Khoo menyadari bahwa masih banyak masyarakat yang belum memahami afasia secara mendalam. Melalui berbagai upaya yang dilakukan oleh Aphasia SG, dia berharap dapat mengubah cara pandang masyarakat terhadap kondisi ini. Salah satu pesan yang selalu ditekankan Khoo adalah bahwa afasia bukanlah cerminan kecerdasan seseorang.
“Mereka bukan bodoh,” tegas Khoo. Lebih lanjut, Khoo menjelaskan bahwa penyintas afasia hanya menghadapi kesulitan dalam menyampaikan apa yang mereka pikirkan atau rasakan, sehingga penting bagi kita untuk memberikan mereka kesempatan untuk tetap bersuara, meskipun dengan cara yang berbeda.
Dengan tim yang terdiri dari sukarelawan terapis wicara, Aphasia SG terus berupaya menciptakan masyarakat yang lebih inklusif dan ramah bagi penderita afasia. Khoo percaya bahwa dengan dukungan yang tepat, individu dengan afasia dapat menjalani kehidupan yang lebih mandiri dan bermakna.

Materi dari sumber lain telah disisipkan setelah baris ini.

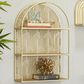 Maple and Jade 3-Level Rounded Room Wall Shelf with Arch Pattern in Gold, , large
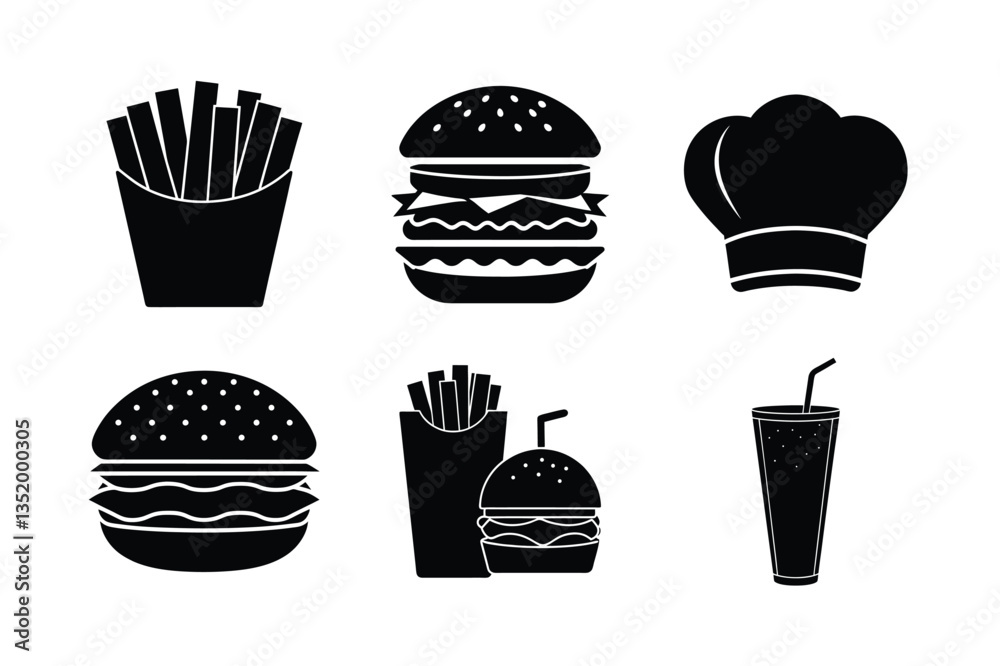 Set of Fast food silhouette vector Set of Fast food silhouette vector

Selain terapi dan dukungan sosial, inovasi teknologi juga menjadi salah satu elemen penting dalam membantu penderita afasia. Aphasia SG terus menjajaki penggunaan alat bantu komunikasi berbasis teknologi untuk mendukung proses rehabilitasi. Langkah ini tidak hanya membantu mereka berkomunikasi dengan lebih baik tetapi juga membuka peluang baru untuk berpartisipasi dalam kehidupan sosial.
Melalui berbagai inisiatif yang dijalankan, Khoo dan timnya berkomitmen untuk terus memperjuangkan hak dan suara bagi individu dengan afasia di Singapura. Misi mereka jelas, yaitu memastikan bahwa tidak ada seorang pun yang merasa terisolasi hanya karena mereka kehilangan kemampuan untuk berbicara.
“Kami ingin dunia tahu bahwa mereka masih memiliki pemikiran, perasaan, dan kontribusi yang berharga,” demikian Khoo.